> **Exercise brief**: Could you please reproduce all the records below exactly, leaving out the images?

________________________

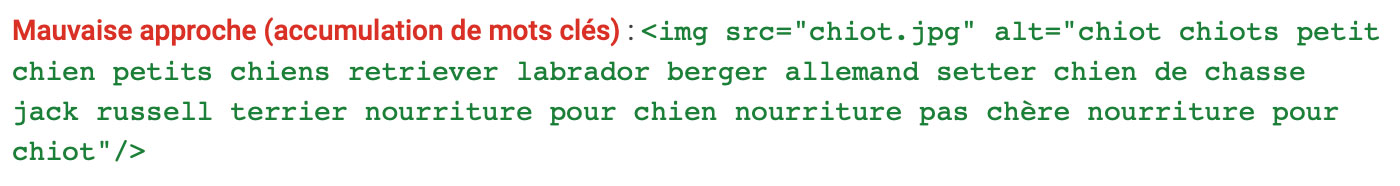 Un exemple d'attribut alt sur-optimisé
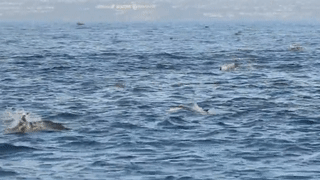 Dan ca heo hang nghin con cung di san moi o bo bien nuoc My hinh anh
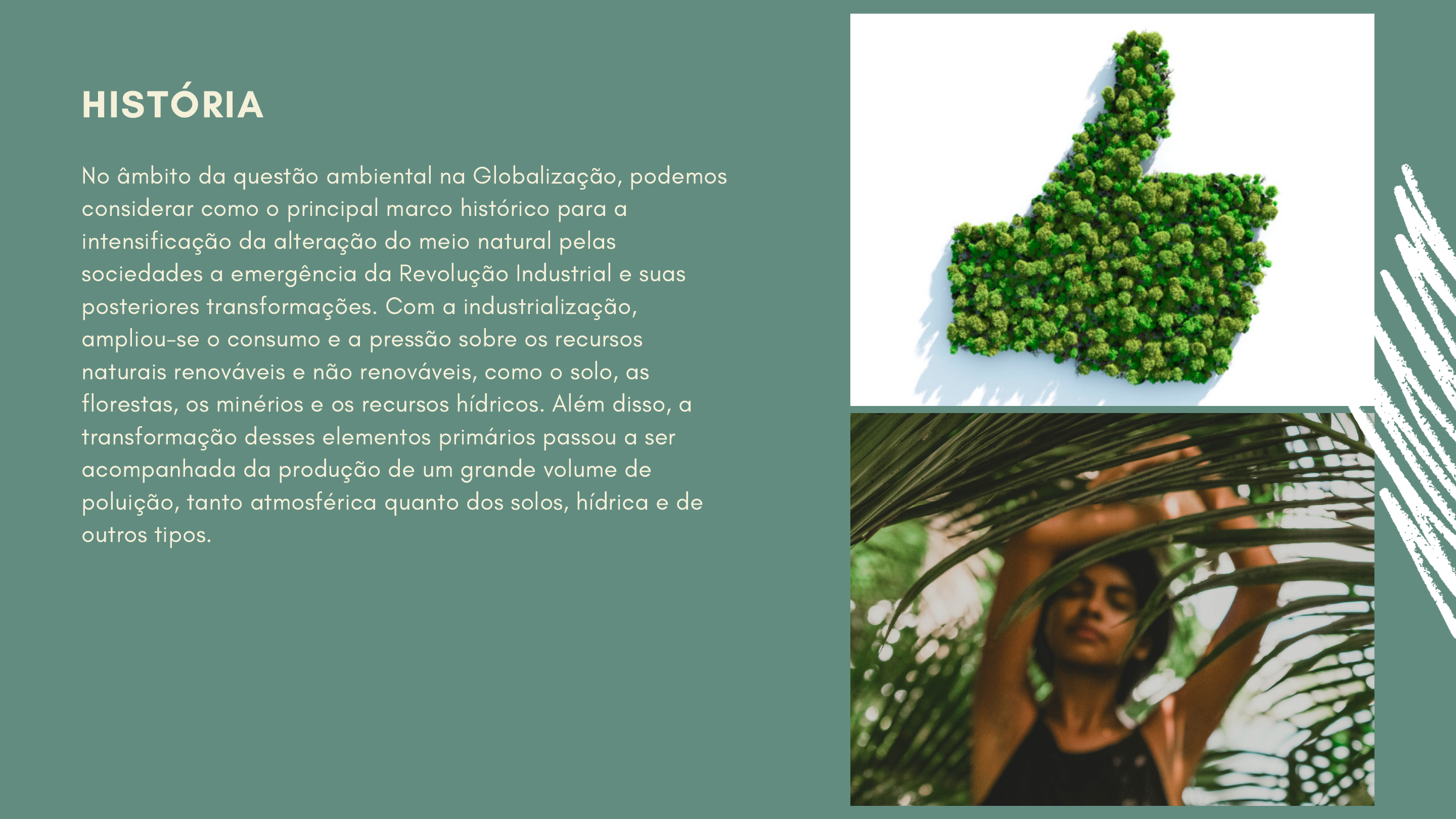 Eixo temático Meio Ambiente na redação do ENEM - Redação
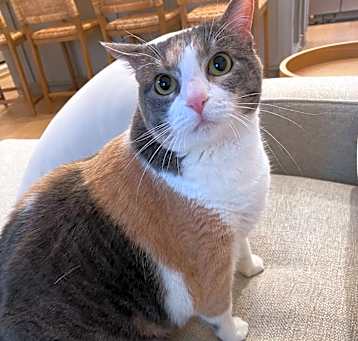 Photo of Riley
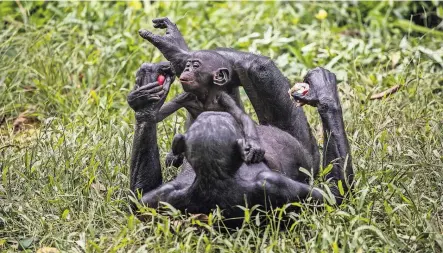  ?? PHOTOGRAPH­S BY BRYAN DENTON FOR THE NEW YORK TIMES ?? A baby gorilla can fetch prices up to $250,000. Some 22,000 apes have been killed or smuggled since 2005. Suspected poachers in Congo; a bonobo and her baby.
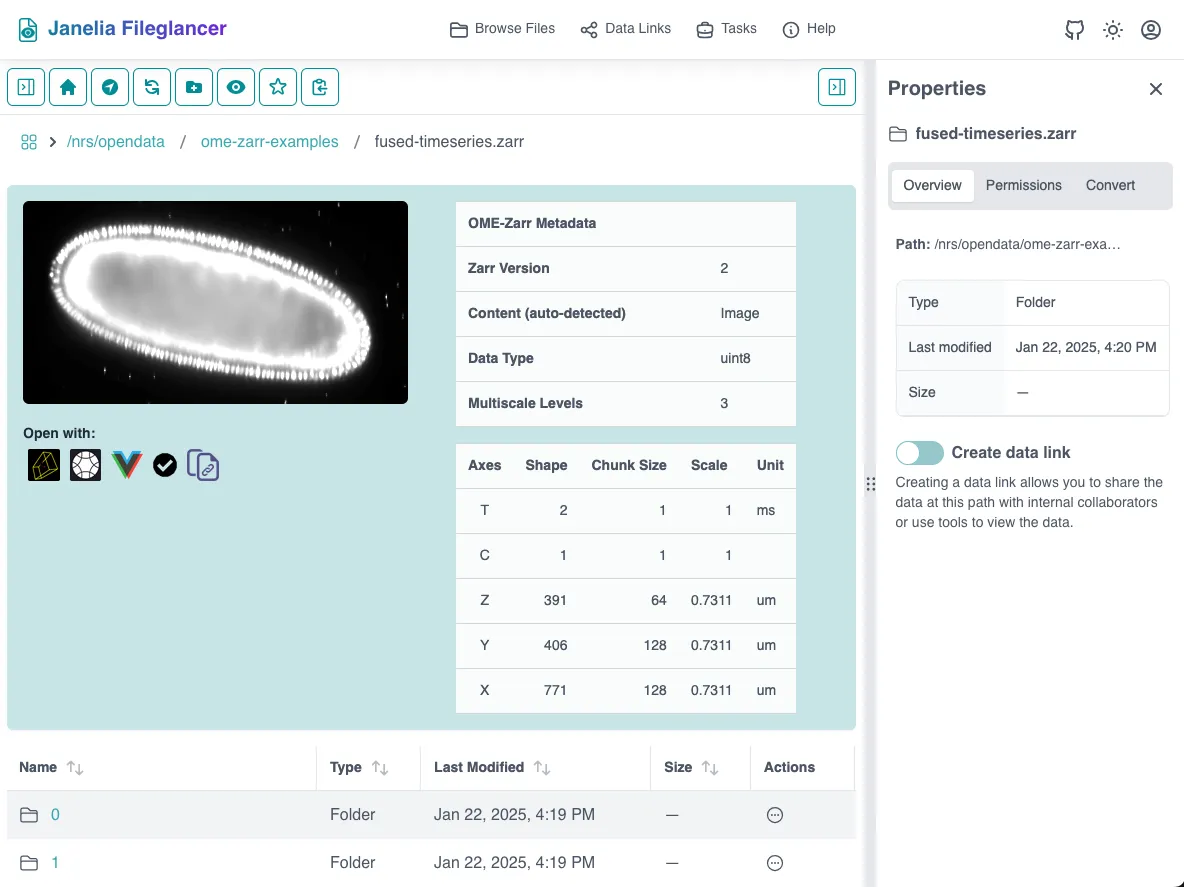 Screenshot of the Zarr preview panel in Fileglancer, showing metadata fields and the 'Open with' buttons for compatible viewers.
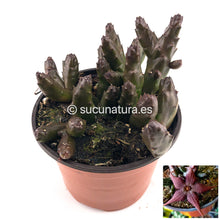 Cargar imagen en el visor de la galería, Stapelia Schinzii - ø 10.5 cm - Sucunatura. Plantas crassulas como echeveria, kalanchoe, sedum, sempervivum, graptoveria y aeonium.
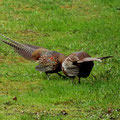 Fasanenkampf-Bild 5
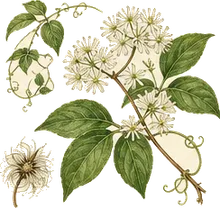Virgin's Bower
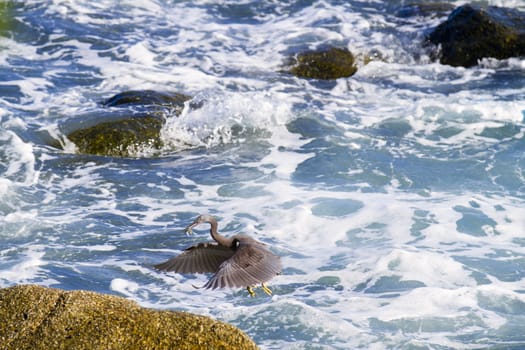 Pacific Reef Egret on the rock seaside aisia beach, black pacific reef egret looking for fish at beach rock.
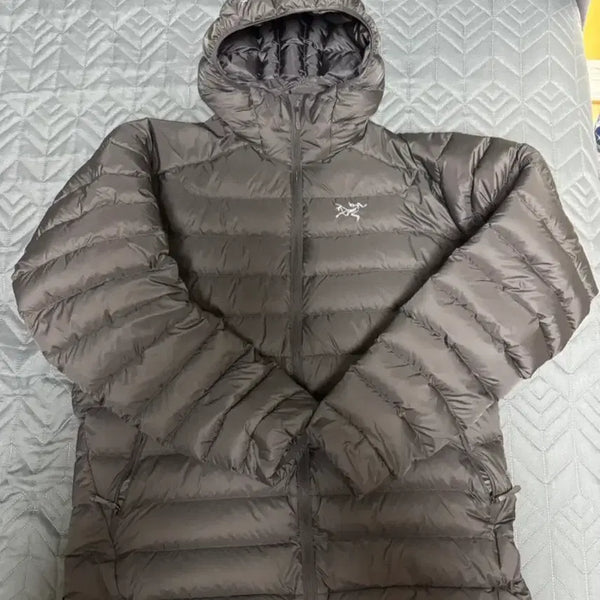 [BUNJANG] Arc'teryx Cerium Hoody Black / [L] 아크테릭스 세륨 후디 블랙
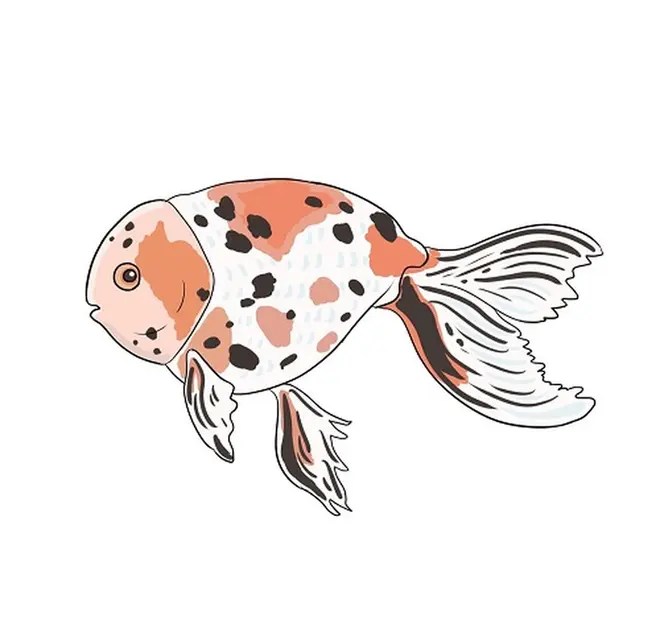 ぬまがさワタリ氏の描き下ろしイラスト
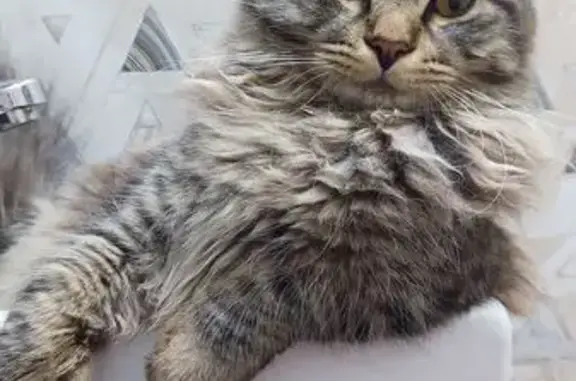 Кошки потеряшки, Рыбное, фото: Потеряшка кошка, Рыбное, 61Н-403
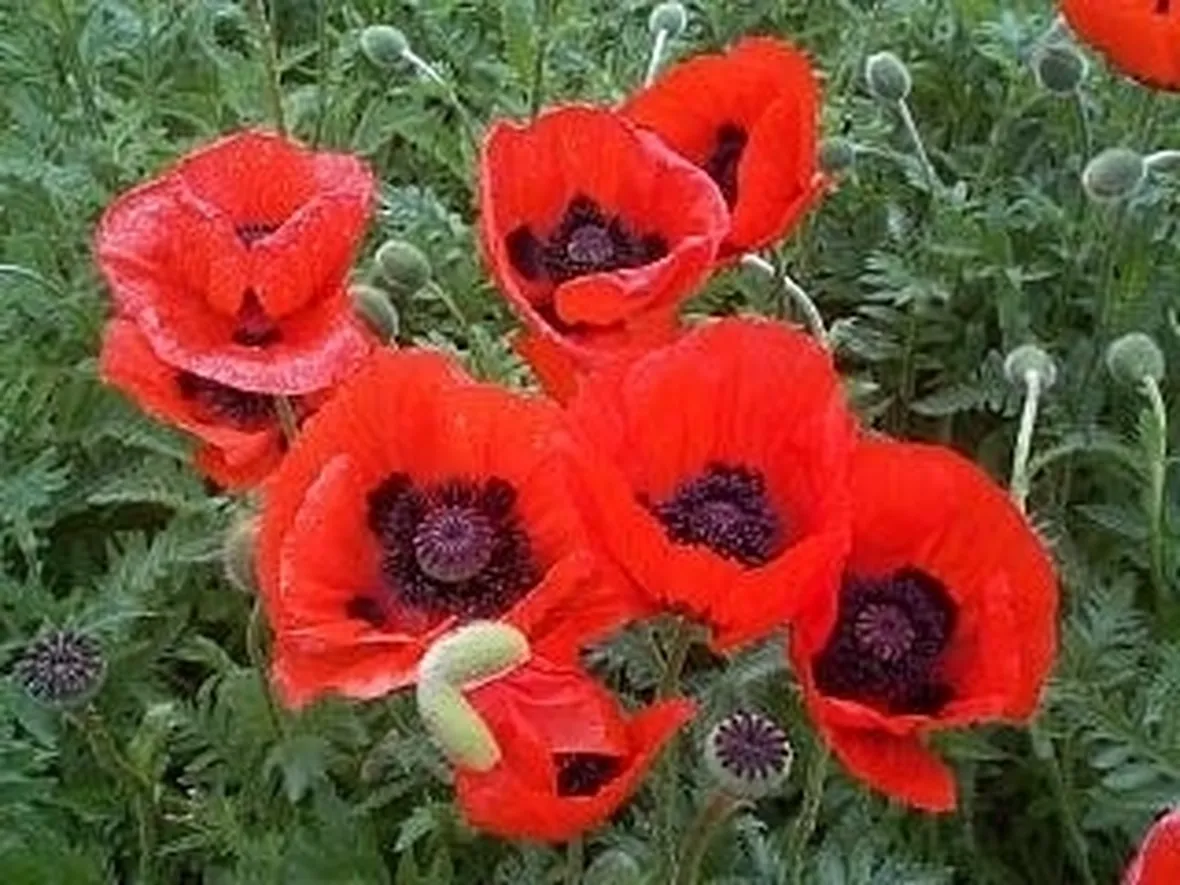 regalare fiori ad un uomo-6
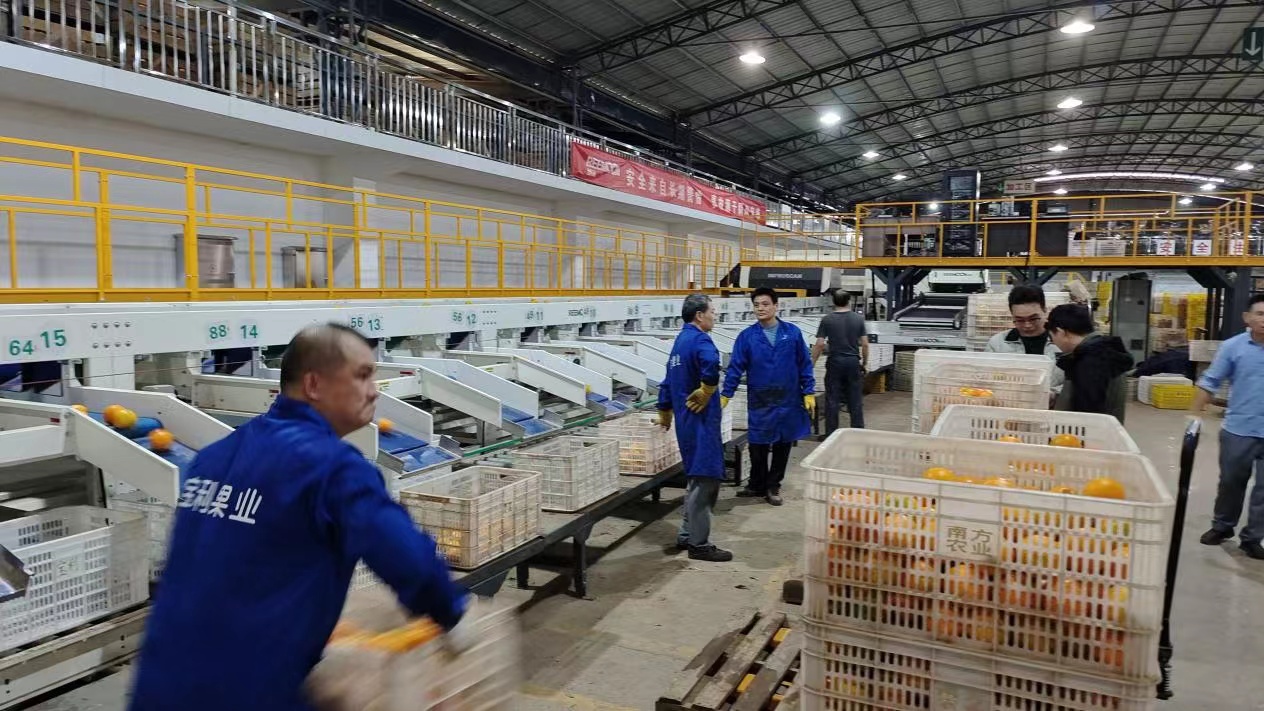 江西联通:乡村振兴,最是橙黄桔绿时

________________________

> **Solution**:
 Un exemple d'attribut alt sur-optimisé
 Dan ca heo hang nghin con cung di san moi o bo bien nuoc My hinh anh
 Eixo temático Meio Ambiente na redação do ENEM - Redação
 Photo of Riley
  ?? PHOTOGRAPH­S BY BRYAN DENTON FOR THE NEW YORK TIMES ?? A baby gorilla can fetch prices up to $250,000. Some 22,000 apes have been killed or smuggled since 2005. Suspected poachers in Congo; a bonobo and her baby.
 Screenshot of the Zarr preview panel in Fileglancer, showing metadata fields and the 'Open with' buttons for compatible viewers.
 Cargar imagen en el visor de la galería, Stapelia Schinzii - ø 10.5 cm - Sucunatura. Plantas crassulas como echeveria, kalanchoe, sedum, sempervivum, graptoveria y aeonium.
 Fasanenkampf-Bild 5
Virgin's Bower
 Pacific Reef Egret on the rock seaside aisia beach, black pacific reef egret looking for fish at beach rock.
 [BUNJANG] Arc'teryx Cerium Hoody Black / [L] 아크테릭스 세륨 후디 블랙
 ぬまがさワタリ氏の描き下ろしイラスト
 Кошки потеряшки, Рыбное, фото: Потеряшка кошка, Рыбное, 61Н-403
 regalare fiori ad un uomo-6
 江西联通:乡村振兴,最是橙黄桔绿时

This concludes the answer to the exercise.